-- Data to examine follows --

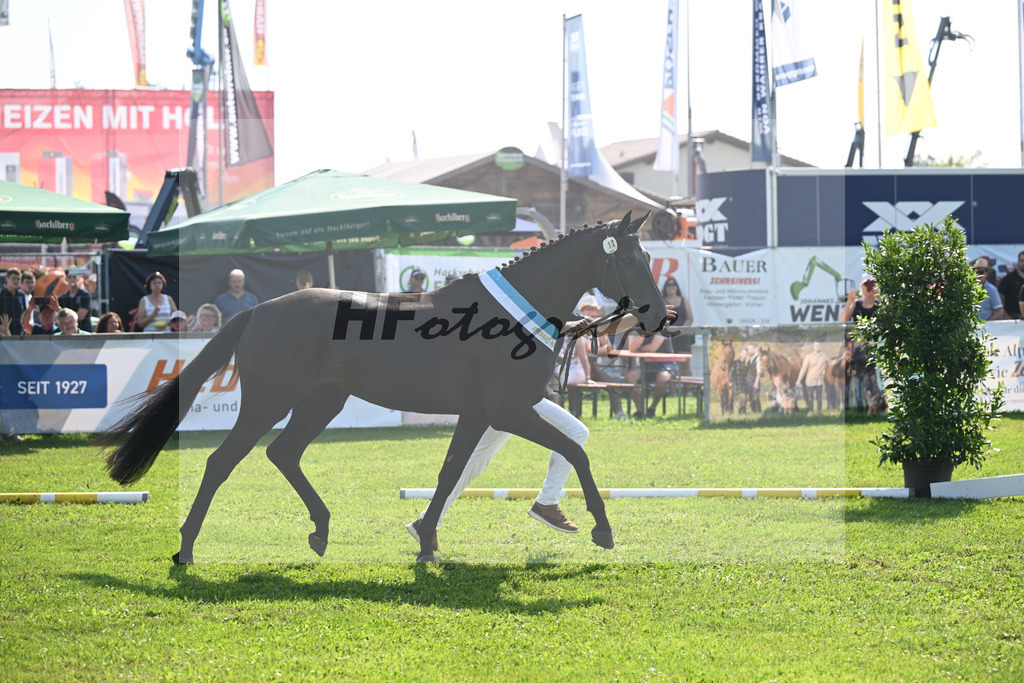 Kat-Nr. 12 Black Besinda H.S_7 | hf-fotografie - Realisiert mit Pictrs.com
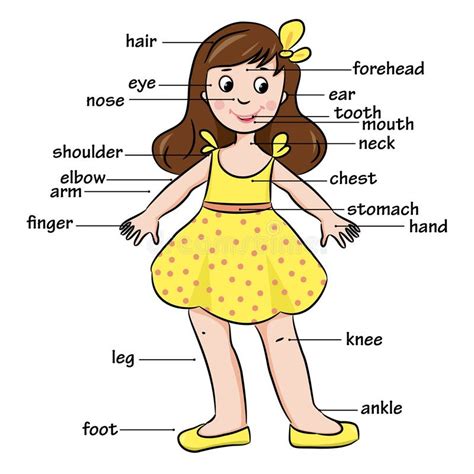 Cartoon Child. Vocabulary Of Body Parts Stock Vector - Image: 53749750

-- Data to examine concluded --
-- Data to examine follows --

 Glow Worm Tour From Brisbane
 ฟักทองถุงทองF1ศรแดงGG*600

-- Data to examine concluded --
-- Data to examine follows --

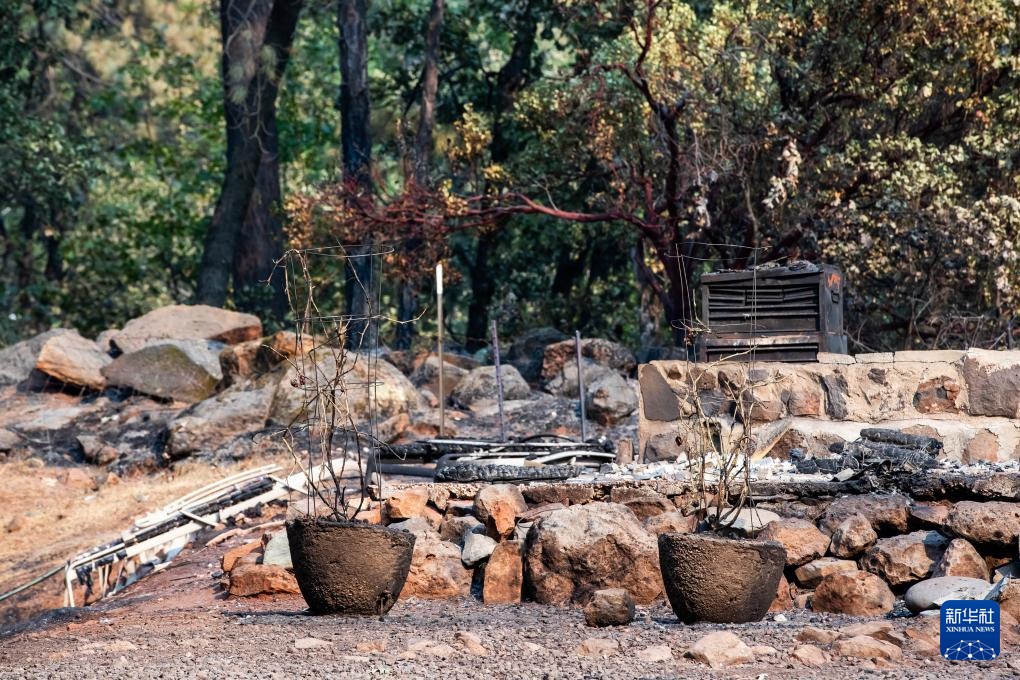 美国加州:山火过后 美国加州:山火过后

-- Data to examine concluded --

**Problem details**. Go back to the listing above and write out the lines starting at the one with "Kat-Nr. 12 Black" and ending at the one with "- Image: 53749750", inclusive, exactly and without pictures.

**Answer area**.
 Kat-Nr. 12 Black Besinda H.S_7 | hf-fotografie - Realisiert mit Pictrs.com
 Cartoon Child. Vocabulary Of Body Parts Stock Vector - Image: 53749750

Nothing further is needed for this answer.